À toute vapeur, les navires cuirassés à l’assaut des mers
24 novembre 2023
24 novembre 2023
Des réformes napoléoniennes à la Jeune École de la Troisième République, la Marine connaît une véritable révolution au 19e siècle. Les voiliers de l’Ancien Régime cèdent leur place aux navires cuirassés et l’histoire navale rejoint celle de la révolution industrielle…
Un cuirassé est, comme une évidence, un navire revêtu d’une cuirasse, c’est-à-dire protégé par un blindage. Pour la Marine française, leurs noms font rêver : Gloire, Normandie, Invincible, Magenta, Solférino, Océan, Marengo, ou encore Suffren, des noms qui résument notre histoire et qui donnent envie de prendre la mer.
Lorsqu’il accède au pouvoir, Napoléon hérite d’une marine affaiblie par les combats de Prairial en juin 1794 et la tentative ratée de débarquement en Irlande et à Aboukir en 1798. L’Empereur et ses ministres engagent rapidement une série de réformes qui, si elles s’appuient sur les innovations révolutionnaires en matière navale, proposent aussi une série de nouvelles mesures. « Dès 1799, Bonaparte a un cahier des charges assez précis. Il faut faire le plus vite possible avec le moins d’argent possible. Son ministre de la Marine, Pierre-Alexandre-Laurent Forfait, n’est pas un officier de marine, mais un ingénieur. Il réorganise la marine en l’espace de deux ans et initie un programme de reconstruction navale avec de pauvres moyens », explique Sophie Muffat. En quelques années, l’Empire voit la création des préfectures maritimes, d’un service de santé de la Marine, ainsi que la construction de nouveaux ports. Napoléon souhaite militariser la Marine sur le modèle de l’armée de terre, afin de la rendre immédiatement opérationnelle contre l’ennemi anglais.
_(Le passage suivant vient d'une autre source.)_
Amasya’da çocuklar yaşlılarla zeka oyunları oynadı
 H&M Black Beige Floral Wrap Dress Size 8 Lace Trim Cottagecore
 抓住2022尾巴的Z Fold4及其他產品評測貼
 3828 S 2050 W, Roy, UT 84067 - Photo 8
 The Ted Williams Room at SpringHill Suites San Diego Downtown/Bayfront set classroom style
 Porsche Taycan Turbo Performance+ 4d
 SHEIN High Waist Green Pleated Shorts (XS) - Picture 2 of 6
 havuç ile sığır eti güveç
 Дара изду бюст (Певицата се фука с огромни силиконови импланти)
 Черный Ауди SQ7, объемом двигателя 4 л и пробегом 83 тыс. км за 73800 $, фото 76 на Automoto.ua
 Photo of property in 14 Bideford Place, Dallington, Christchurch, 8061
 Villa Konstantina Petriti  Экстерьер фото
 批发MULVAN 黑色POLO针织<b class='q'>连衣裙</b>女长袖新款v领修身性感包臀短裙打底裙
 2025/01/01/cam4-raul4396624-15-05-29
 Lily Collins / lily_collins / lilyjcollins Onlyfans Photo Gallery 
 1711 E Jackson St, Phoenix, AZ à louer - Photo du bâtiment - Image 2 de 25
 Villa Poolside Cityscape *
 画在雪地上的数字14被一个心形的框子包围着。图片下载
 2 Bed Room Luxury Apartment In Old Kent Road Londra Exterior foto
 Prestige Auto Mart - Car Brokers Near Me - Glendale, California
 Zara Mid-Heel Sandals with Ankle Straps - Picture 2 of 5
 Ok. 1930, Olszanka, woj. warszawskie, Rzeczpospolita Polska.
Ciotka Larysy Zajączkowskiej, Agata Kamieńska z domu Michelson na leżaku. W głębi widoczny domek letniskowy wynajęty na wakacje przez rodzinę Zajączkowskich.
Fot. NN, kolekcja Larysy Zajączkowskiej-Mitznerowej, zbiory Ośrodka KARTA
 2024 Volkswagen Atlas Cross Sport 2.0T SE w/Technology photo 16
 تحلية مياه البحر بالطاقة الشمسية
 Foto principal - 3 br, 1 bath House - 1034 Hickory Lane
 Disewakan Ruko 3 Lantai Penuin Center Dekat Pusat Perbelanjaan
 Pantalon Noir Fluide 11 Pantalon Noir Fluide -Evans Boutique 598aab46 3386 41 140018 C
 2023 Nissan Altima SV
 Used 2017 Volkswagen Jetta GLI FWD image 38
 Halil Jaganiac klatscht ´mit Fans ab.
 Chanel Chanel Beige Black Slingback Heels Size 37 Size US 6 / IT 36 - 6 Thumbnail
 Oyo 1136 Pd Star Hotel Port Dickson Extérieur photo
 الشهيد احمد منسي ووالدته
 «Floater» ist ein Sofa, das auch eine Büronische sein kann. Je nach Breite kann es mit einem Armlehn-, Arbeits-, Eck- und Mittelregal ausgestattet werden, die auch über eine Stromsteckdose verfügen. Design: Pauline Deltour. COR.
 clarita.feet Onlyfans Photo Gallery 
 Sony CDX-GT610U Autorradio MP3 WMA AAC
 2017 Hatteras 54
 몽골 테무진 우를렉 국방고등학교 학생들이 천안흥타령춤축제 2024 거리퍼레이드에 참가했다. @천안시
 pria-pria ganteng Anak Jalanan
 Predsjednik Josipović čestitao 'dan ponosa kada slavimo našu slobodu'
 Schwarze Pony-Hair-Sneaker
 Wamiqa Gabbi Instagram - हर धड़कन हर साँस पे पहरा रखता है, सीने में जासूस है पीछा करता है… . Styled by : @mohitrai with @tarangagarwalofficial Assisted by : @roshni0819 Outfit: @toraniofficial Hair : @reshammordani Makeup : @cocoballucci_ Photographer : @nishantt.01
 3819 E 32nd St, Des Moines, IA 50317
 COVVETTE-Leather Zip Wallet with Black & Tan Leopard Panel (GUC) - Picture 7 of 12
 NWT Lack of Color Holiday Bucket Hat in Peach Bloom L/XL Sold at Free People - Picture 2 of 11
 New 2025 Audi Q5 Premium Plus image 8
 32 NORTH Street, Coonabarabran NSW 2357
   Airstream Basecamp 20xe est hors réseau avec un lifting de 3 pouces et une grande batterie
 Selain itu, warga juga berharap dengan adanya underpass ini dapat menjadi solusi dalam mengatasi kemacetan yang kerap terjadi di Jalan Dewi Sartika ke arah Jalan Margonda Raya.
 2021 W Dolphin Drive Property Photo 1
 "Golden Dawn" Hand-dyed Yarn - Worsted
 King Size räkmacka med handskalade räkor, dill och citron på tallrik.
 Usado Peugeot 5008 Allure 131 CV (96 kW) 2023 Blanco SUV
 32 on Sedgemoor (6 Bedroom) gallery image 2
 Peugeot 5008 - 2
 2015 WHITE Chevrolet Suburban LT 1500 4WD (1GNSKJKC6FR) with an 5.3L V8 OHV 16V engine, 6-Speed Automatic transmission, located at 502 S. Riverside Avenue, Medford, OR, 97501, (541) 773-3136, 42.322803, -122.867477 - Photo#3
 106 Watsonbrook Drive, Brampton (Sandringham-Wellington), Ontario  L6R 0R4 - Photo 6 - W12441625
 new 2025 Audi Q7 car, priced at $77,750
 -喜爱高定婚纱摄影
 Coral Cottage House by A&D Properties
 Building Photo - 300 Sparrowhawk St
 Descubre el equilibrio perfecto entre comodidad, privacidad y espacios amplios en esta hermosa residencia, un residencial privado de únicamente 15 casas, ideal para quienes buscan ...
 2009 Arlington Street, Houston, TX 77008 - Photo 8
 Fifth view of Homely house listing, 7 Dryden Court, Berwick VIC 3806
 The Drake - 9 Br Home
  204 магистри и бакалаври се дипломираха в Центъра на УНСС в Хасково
Cependant, l’incontestable supériorité de la Royal Navy est cruellement rappelée aux armées françaises le 21 octobre 1805, lors de la cuisante défaite de Trafalgar.
Après ce désastre militaire, l’innovation technique française au plan naval est fortement ralentie et la Marine s’emploie surtout à élargir toujours davantage l’empire colonial français. Les années 1840 sont notamment celles des missions de cartographie dans le Pacifique, de l’expédition en Antarctique de Dumont d’Urville, de celle du Petit-Thouars qui annexe Tahiti et les Îles Marquises, et de Febvrier-Despointes en Nouvelle-Calédonie. Durant cette période, quelques innovations techniques améliorent pourtant les conditions de navigation. « Les vaisseaux qui apparaissent dans les années 1840 ont déjà beaucoup de fer à bord. On a remplacé notamment les cordages par des chaînes. On a aussi amélioré l’eau. Tout un système améliore la vie et l’hygiène à bord”, raconte Michèle Battesti. “On pense davantage à la nostalgie des marins, à leurs maladies mentales et on essaye de les rendre heureux à bord. »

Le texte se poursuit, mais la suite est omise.